AIM OF THE EXERCISE:
Print the data that follows exactly.

INFORMATION SHOWN:

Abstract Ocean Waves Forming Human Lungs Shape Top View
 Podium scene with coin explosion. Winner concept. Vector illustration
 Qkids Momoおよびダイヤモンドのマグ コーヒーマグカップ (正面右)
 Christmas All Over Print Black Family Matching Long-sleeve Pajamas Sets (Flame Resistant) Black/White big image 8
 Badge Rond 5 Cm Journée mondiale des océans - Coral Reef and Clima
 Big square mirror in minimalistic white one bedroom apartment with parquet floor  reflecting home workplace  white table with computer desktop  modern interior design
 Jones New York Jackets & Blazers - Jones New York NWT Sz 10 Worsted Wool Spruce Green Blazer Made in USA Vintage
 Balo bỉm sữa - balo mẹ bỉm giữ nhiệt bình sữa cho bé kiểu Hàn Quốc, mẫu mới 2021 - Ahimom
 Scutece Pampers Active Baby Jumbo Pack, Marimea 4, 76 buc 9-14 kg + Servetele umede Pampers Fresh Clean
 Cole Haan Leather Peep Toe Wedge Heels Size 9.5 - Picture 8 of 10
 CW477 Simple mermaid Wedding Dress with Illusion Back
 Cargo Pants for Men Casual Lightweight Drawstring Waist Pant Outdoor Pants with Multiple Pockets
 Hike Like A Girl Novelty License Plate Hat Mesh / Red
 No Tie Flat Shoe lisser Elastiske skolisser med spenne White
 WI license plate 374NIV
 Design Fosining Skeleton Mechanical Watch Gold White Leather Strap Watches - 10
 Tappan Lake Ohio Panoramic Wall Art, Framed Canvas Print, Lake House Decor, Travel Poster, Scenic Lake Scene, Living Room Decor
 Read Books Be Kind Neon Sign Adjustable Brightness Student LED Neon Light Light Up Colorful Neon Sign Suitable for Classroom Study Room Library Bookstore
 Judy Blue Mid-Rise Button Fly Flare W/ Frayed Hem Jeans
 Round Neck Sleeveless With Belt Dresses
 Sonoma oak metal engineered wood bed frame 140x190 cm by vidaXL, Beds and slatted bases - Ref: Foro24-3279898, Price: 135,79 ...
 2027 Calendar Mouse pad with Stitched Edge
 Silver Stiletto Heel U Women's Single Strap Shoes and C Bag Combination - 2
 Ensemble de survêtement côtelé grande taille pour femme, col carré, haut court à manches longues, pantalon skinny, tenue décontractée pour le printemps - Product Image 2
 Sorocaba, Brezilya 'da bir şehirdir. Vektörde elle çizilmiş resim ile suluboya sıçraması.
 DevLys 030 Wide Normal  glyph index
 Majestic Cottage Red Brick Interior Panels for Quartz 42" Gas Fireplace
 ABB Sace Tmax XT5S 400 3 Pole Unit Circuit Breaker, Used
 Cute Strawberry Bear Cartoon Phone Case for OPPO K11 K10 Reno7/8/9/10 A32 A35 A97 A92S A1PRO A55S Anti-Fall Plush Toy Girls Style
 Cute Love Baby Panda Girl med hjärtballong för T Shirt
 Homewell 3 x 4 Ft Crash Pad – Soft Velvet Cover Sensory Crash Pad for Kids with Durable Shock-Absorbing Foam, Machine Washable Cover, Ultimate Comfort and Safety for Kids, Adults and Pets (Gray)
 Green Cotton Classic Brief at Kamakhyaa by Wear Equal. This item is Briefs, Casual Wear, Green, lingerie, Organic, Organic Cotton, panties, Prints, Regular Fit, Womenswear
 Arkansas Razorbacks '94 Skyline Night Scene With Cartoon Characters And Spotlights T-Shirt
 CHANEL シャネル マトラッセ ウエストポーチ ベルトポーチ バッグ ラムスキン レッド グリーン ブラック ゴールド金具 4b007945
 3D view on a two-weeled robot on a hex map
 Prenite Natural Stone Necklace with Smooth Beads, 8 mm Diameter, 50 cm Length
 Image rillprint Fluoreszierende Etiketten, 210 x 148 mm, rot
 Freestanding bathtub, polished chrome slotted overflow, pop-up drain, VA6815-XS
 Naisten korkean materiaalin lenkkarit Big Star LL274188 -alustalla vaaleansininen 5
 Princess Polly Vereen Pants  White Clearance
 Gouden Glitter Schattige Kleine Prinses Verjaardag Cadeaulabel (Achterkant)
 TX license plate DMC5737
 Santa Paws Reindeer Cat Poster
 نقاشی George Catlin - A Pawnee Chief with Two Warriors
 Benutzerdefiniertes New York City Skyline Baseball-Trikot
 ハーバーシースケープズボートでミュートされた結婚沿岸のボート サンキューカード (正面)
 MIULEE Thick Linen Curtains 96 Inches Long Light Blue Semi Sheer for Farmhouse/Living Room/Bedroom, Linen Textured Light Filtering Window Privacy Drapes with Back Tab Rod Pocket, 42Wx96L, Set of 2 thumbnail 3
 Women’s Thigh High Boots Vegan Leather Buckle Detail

EXERCISE OUTPUT:
Abstract Ocean Waves Forming Human Lungs Shape Top View
 Podium scene with coin explosion. Winner concept. Vector illustration
 Qkids Momoおよびダイヤモンドのマグ コーヒーマグカップ (正面右)
 Christmas All Over Print Black Family Matching Long-sleeve Pajamas Sets (Flame Resistant) Black/White big image 8
 Badge Rond 5 Cm Journée mondiale des océans - Coral Reef and Clima
 Big square mirror in minimalistic white one bedroom apartment with parquet floor  reflecting home workplace  white table with computer desktop  modern interior design
 Jones New York Jackets & Blazers - Jones New York NWT Sz 10 Worsted Wool Spruce Green Blazer Made in USA Vintage
 Balo bỉm sữa - balo mẹ bỉm giữ nhiệt bình sữa cho bé kiểu Hàn Quốc, mẫu mới 2021 - Ahimom
 Scutece Pampers Active Baby Jumbo Pack, Marimea 4, 76 buc 9-14 kg + Servetele umede Pampers Fresh Clean
 Cole Haan Leather Peep Toe Wedge Heels Size 9.5 - Picture 8 of 10
 CW477 Simple mermaid Wedding Dress with Illusion Back
 Cargo Pants for Men Casual Lightweight Drawstring Waist Pant Outdoor Pants with Multiple Pockets
 Hike Like A Girl Novelty License Plate Hat Mesh / Red
 No Tie Flat Shoe lisser Elastiske skolisser med spenne White
 WI license plate 374NIV
 Design Fosining Skeleton Mechanical Watch Gold White Leather Strap Watches - 10
 Tappan Lake Ohio Panoramic Wall Art, Framed Canvas Print, Lake House Decor, Travel Poster, Scenic Lake Scene, Living Room Decor
 Read Books Be Kind Neon Sign Adjustable Brightness Student LED Neon Light Light Up Colorful Neon Sign Suitable for Classroom Study Room Library Bookstore
 Judy Blue Mid-Rise Button Fly Flare W/ Frayed Hem Jeans
 Round Neck Sleeveless With Belt Dresses
 Sonoma oak metal engineered wood bed frame 140x190 cm by vidaXL, Beds and slatted bases - Ref: Foro24-3279898, Price: 135,79 ...
 2027 Calendar Mouse pad with Stitched Edge
 Silver Stiletto Heel U Women's Single Strap Shoes and C Bag Combination - 2
 Ensemble de survêtement côtelé grande taille pour femme, col carré, haut court à manches longues, pantalon skinny, tenue décontractée pour le printemps - Product Image 2
 Sorocaba, Brezilya 'da bir şehirdir. Vektörde elle çizilmiş resim ile suluboya sıçraması.
 DevLys 030 Wide Normal  glyph index
 Majestic Cottage Red Brick Interior Panels for Quartz 42" Gas Fireplace
 ABB Sace Tmax XT5S 400 3 Pole Unit Circuit Breaker, Used
 Cute Strawberry Bear Cartoon Phone Case for OPPO K11 K10 Reno7/8/9/10 A32 A35 A97 A92S A1PRO A55S Anti-Fall Plush Toy Girls Style
 Cute Love Baby Panda Girl med hjärtballong för T Shirt
 Homewell 3 x 4 Ft Crash Pad – Soft Velvet Cover Sensory Crash Pad for Kids with Durable Shock-Absorbing Foam, Machine Washable Cover, Ultimate Comfort and Safety for Kids, Adults and Pets (Gray)
 Green Cotton Classic Brief at Kamakhyaa by Wear Equal. This item is Briefs, Casual Wear, Green, lingerie, Organic, Organic Cotton, panties, Prints, Regular Fit, Womenswear
 Arkansas Razorbacks '94 Skyline Night Scene With Cartoon Characters And Spotlights T-Shirt
 CHANEL シャネル マトラッセ ウエストポーチ ベルトポーチ バッグ ラムスキン レッド グリーン ブラック ゴールド金具 4b007945
 3D view on a two-weeled robot on a hex map
 Prenite Natural Stone Necklace with Smooth Beads, 8 mm Diameter, 50 cm Length
 Image rillprint Fluoreszierende Etiketten, 210 x 148 mm, rot
 Freestanding bathtub, polished chrome slotted overflow, pop-up drain, VA6815-XS
 Naisten korkean materiaalin lenkkarit Big Star LL274188 -alustalla vaaleansininen 5
 Princess Polly Vereen Pants  White Clearance
 Gouden Glitter Schattige Kleine Prinses Verjaardag Cadeaulabel (Achterkant)
 TX license plate DMC5737
 Santa Paws Reindeer Cat Poster
 نقاشی George Catlin - A Pawnee Chief with Two Warriors
 Benutzerdefiniertes New York City Skyline Baseball-Trikot
 ハーバーシースケープズボートでミュートされた結婚沿岸のボート サンキューカード (正面)
 MIULEE Thick Linen Curtains 96 Inches Long Light Blue Semi Sheer for Farmhouse/Living Room/Bedroom, Linen Textured Light Filtering Window Privacy Drapes with Back Tab Rod Pocket, 42Wx96L, Set of 2 thumbnail 3
 Women’s Thigh High Boots Vegan Leather Buckle Detail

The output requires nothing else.